| What this task involves |
Only the lines from the one that contains "1.2 mm Elongated Box Chain in 14k Rose Gold" to the last line below, both included, should be transcribed. Pictures stay out of the copy.

| Brief descriptive captions |
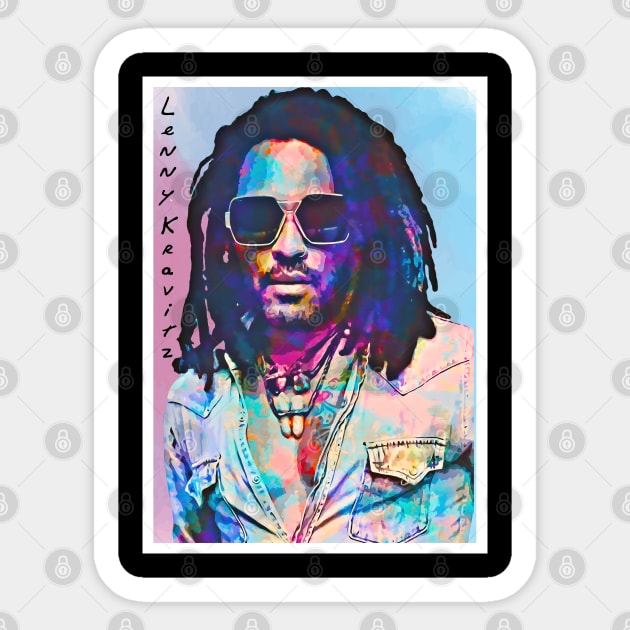 Poster Art Lenny Kravitz Sticker by Next And Stop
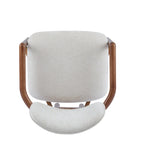 - Chaises de salle à manger Harper Mordern rembourrées en bois d'hévéa (lot de 2)
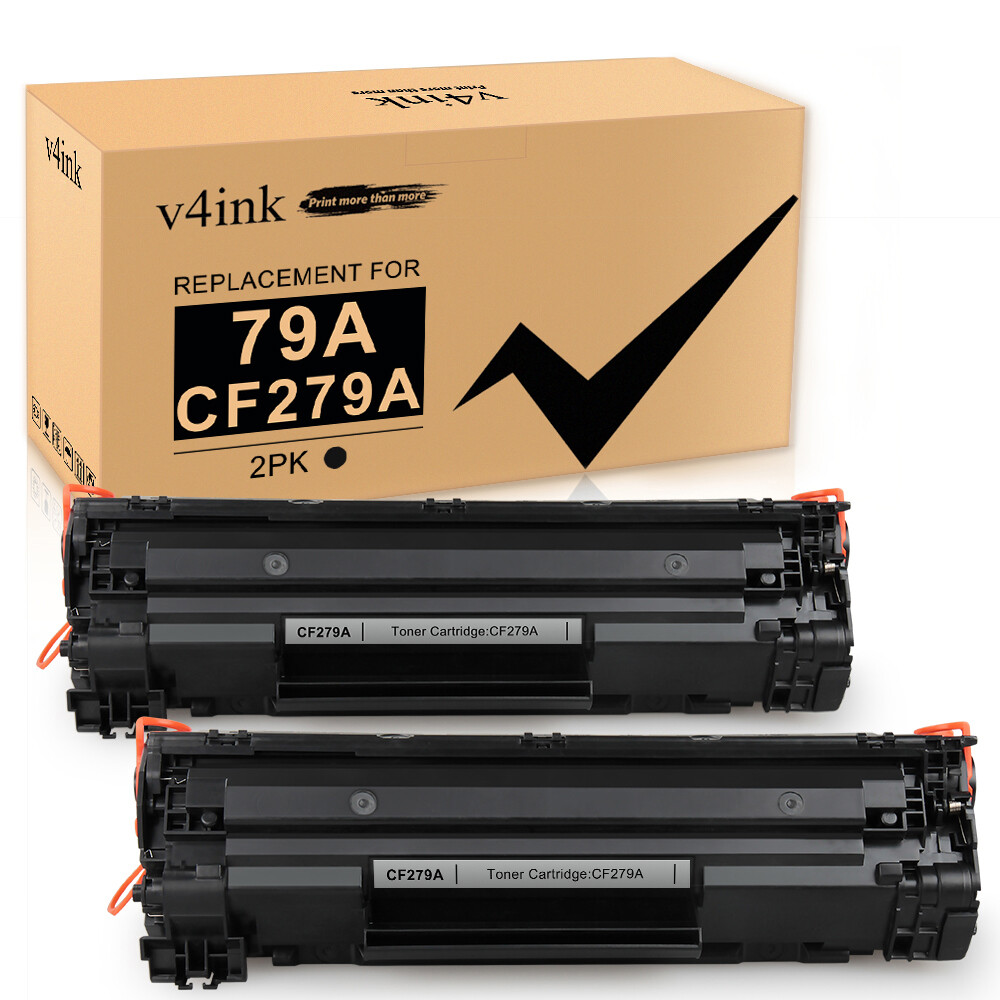 2PK CF279A 79A Black Toner Compatible For HP LaserJet Pro MFP M12a M12w M26a M26
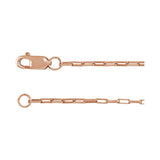 1.2 mm Elongated Box Chain in 14k Rose Gold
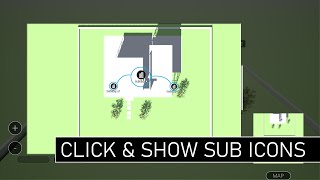 Map System - Click and Show Sub Icons - Design Viewer #18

| Result |
 1.2 mm Elongated Box Chain in 14k Rose Gold
 Map System - Click and Show Sub Icons - Design Viewer #18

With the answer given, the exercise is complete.